## TASK DETAILS
Every record below should be written out exactly; pictures stay out.

※ ※ ※

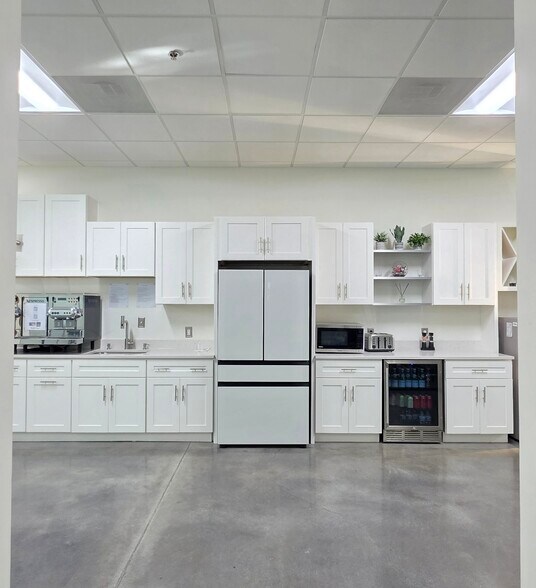 More Photos Of 5825 Medlock Bridge Pky, Johns Creek Loft Creative Space For Sale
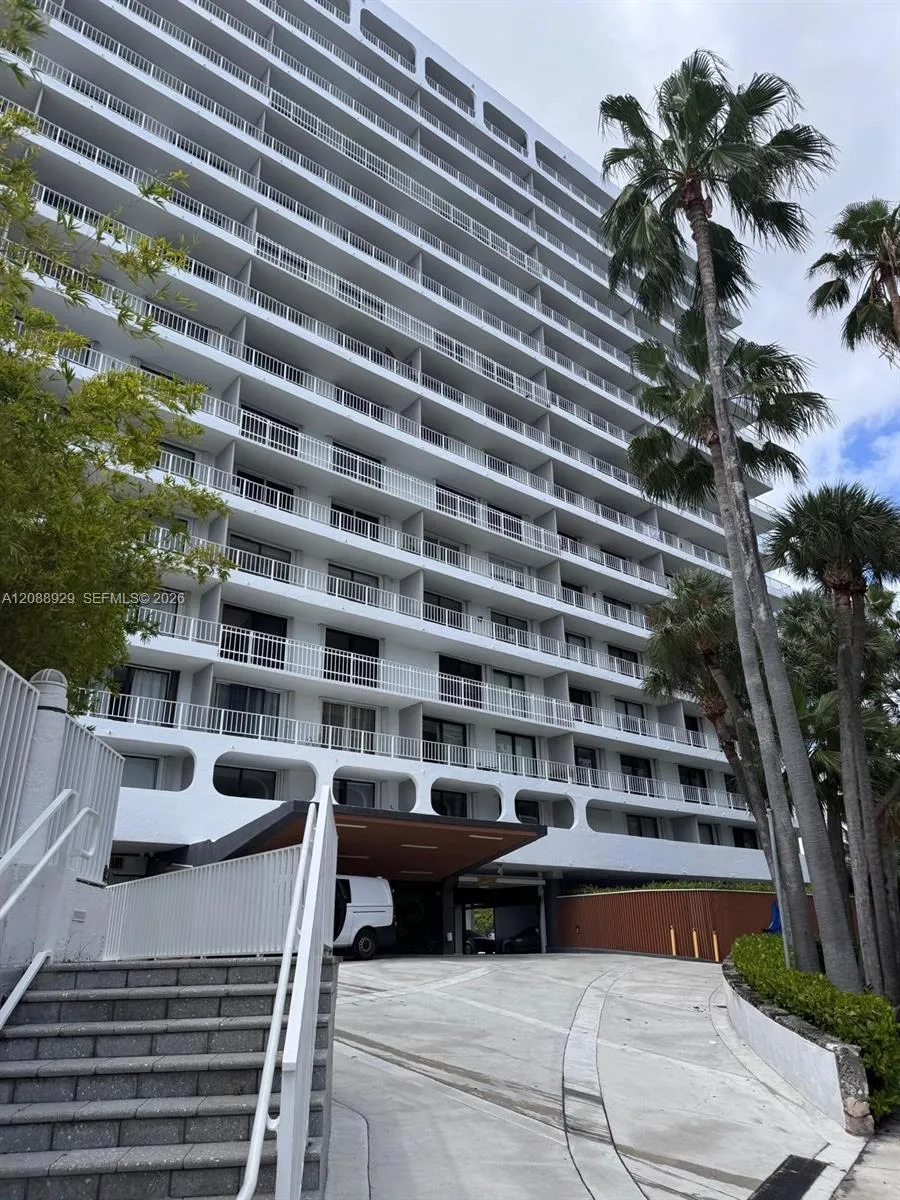 200 SE 15th Rd #7D Miami, FL 33129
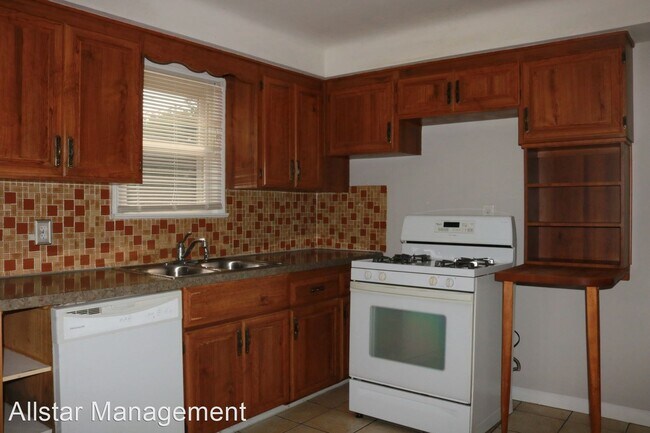 Building Photo - 3 br, 1.5 bath House - 8109 Pelham Dr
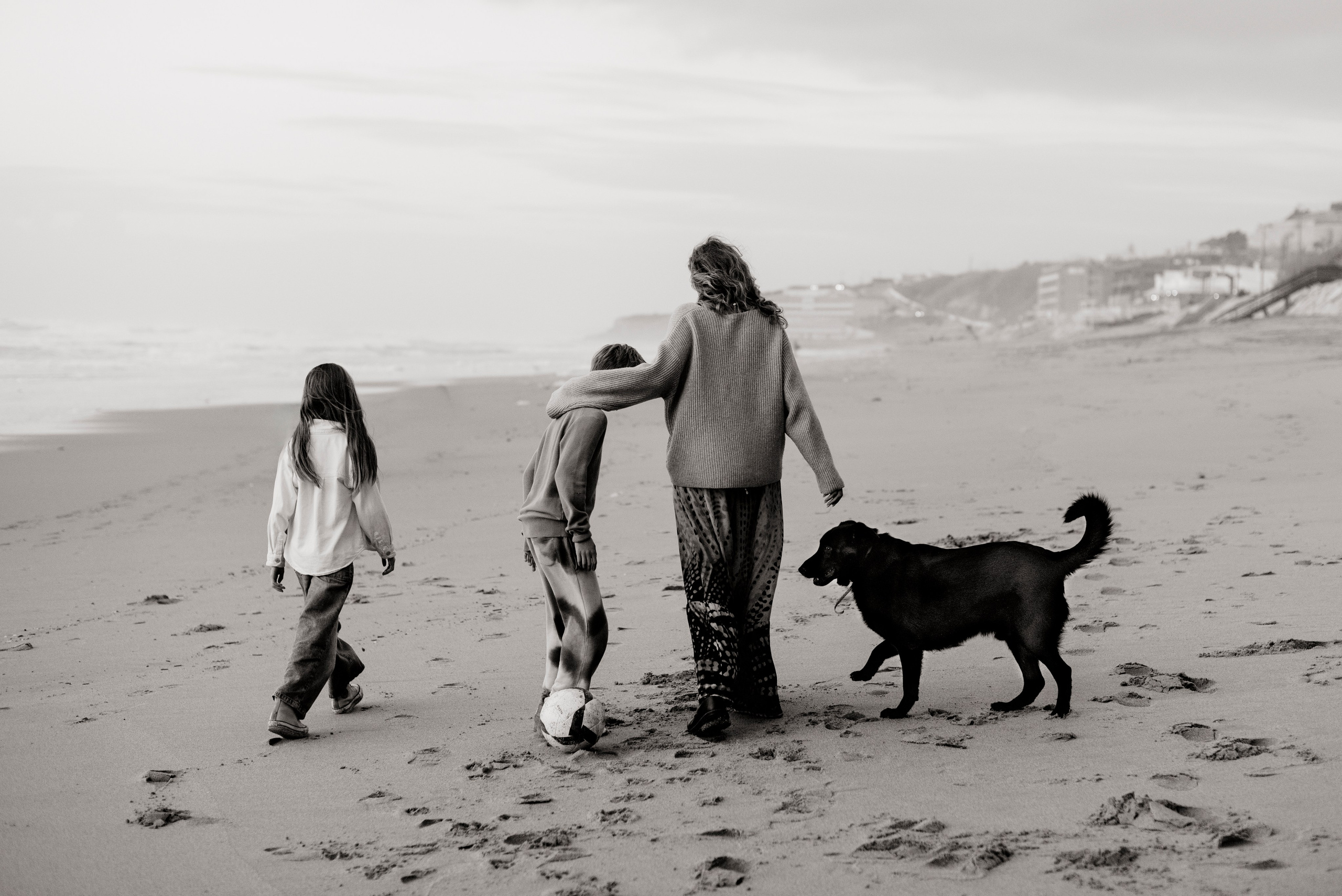 Polina Sobol — family & documentary photographer in Bern. Outdoor & urban photo sessions for families, kids and couples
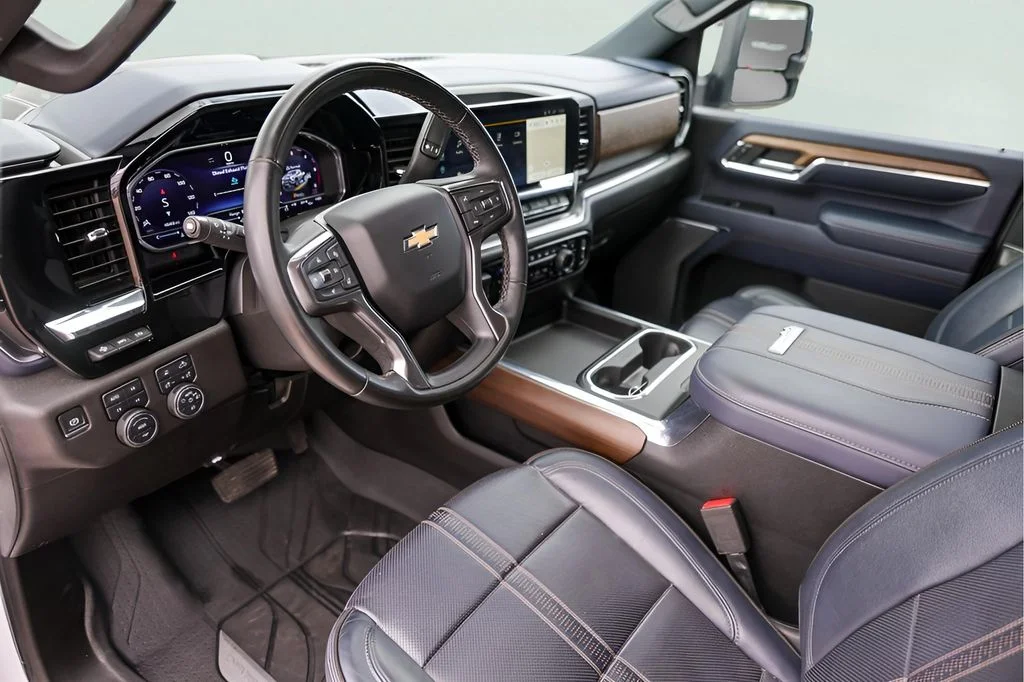 Used 2024 White Chevrolet High Country image 13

※ ※ ※

## EXERCISE RESULT
 More Photos Of 5825 Medlock Bridge Pky, Johns Creek Loft Creative Space For Sale
 200 SE 15th Rd #7D Miami, FL 33129
 Building Photo - 3 br, 1.5 bath House - 8109 Pelham Dr
 Polina Sobol — family & documentary photographer in Bern. Outdoor & urban photo sessions for families, kids and couples
 Used 2024 White Chevrolet High Country image 13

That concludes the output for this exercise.